It should also be noted that, in mammals, cellular sources of the wound blastema of the terminal phalanx differ in an age-dependent manner. In mouse embryos at advanced developmental stages, wound blastema is a derivative of chondrogenic cells of the terminal phalanx, which express Msx1, Msx2, Dlx5, and Bmp4 markers. A similar amputation performed in the neonatal period promotes the formation of the wound blastema as a derivative of mesenchymal cells located predominantly beneath the nail organ and expressing Msx1, while the blastema cells express Bmp2 and Bmp7 (Seifert and Muneoka, 2018; Muneoka and Dawson, 2020).
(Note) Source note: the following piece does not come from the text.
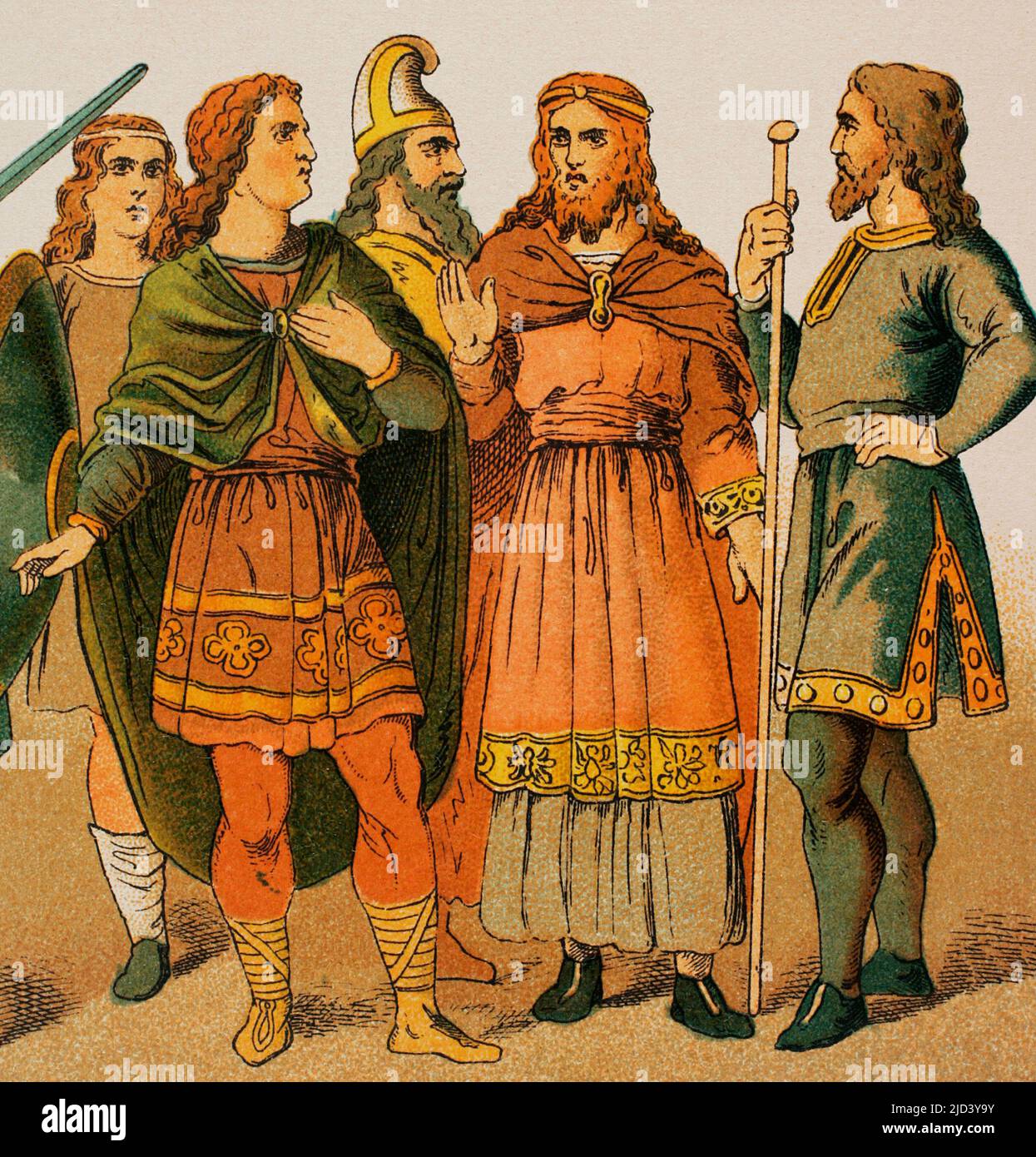 Anglo-Saxons (500-1000). Nobles. Chromolithography. 'Historia Universal' (Universal History), by César Cantú. Volume IV. Published in Barcelona, 1881. Stock Photo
The diversity of cellular mechanisms of blastema formation has been emphasized by Brockes et al. whose theory of regeneration origin and evolution is based on two assumptions: (1) regeneration employs the highly conservative principal mechanisms of growth, development, and maintenance of tissue homeostasis universally found in animals, and ensuring the capability of self-repair in certain species/taxa and (2) these highly conservative cellular mechanisms are governed and regulated by a relatively small number of taxon-specific genes responsible for the pronounced regenerative capacity (Garza-Garcia et al., 2010).
The first of these points is consistent with the evidence on the molecular invariance of morphogenetic processes (i.e., various types of morphogenesis involve similar regulatory cascades) (Cary et al., 2019; Mehta and Singh, 2019). The second point (existence of “principal regulator” genes) is less evident; notable examples include fgf20 proposed as a primary regulator of fin regeneration in Danio rerio (Whitehead et al., 2005; Poss, 2010). A taxon-specific protein Prod1 (Geng et al., 2015), found in newts and salamanders but missing in D. rerio, Xenopus, and mammals, participates in the neural control over regeneration and patterning (Garza-Garcia et al., 2010; Geng et al., 2015; Muneoka and Dawson, 2020). The presence of Prod1 orthologs in Ambystoma mexicanum and Ambystoma maculatum places its origin before the divergence of Salamandridae and Ambystomidae (Garza-Garcia et al., 2010). In a planarian Schmidtea mediterranea, 15% of 1065 genes associated with homeostasis and regeneration have no homologs in other organisms and are considered taxon-specific (Reddien et al., 2005). According to Brockes et al., this group of genes is likely to comprise principal regulators that determine the ability to regenerate (Garza-Garcia et al., 2010).
The concept of principal regulators has also been indirectly supported by a comparative genomic study encompassing 132 species of multicellular animals with different regeneration capacities. A group of 118 highly conservative genes, 96% of which encoded Jumonji C (JmjC) domain-containing proteins, have been found specific for the «highly regenerative» species. The evolutionary loss of such genes has been associated with a dramatic decrease in regenerative capacity (Cao et al., 2019).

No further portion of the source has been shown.